A. Salim – AI-Driven Geospatial Analysis and Prediction of Cellular Coverage Using Multi-Carrier Measurements

Authors

Aliaa Salim, Fred Lacy, Yasser Ismail (Southern University and A&M College)

Abstract

This work addresses three key research questions: the spatial variability of cellular signal quality, the impact of frequency bands and network technologies (LTE vs. 5G) on performance, and the prediction of weak or unstable coverage. The study uses large-scale cellular measurement data collected via the SigCap platform across AT&T (suburban campaign), T-Mobile (urban campaign), and Verizon (Southern University campus campaign), with datasets spanning both a two-week and a two-month collection period.
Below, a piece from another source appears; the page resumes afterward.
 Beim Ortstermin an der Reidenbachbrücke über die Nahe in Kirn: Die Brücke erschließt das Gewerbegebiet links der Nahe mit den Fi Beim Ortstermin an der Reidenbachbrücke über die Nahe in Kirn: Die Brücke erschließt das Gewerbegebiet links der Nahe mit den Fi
First, a geospatial analysis is performed to identify persistent zones of degraded coverage using signal metrics such as RSRP, RSRQ, and SINR. Next, statistical analysis is conducted to evaluate how spectrum bands and network technologies influence signal strength and quality across different environments. Finally, AI-driven predictive models, including Random Forest and gradient-based methods, are developed to identify degraded coverage using geographic and network-context features. Results show that coverage degradation is strongly location-dependent and that machine learning models can accurately predict weak or unstable regions in unseen areas. This work demonstrates the effectiveness of data-driven and AI-enabled approaches for scalable spectrum awareness, proactive coverage assessment, and next-generation network optimization.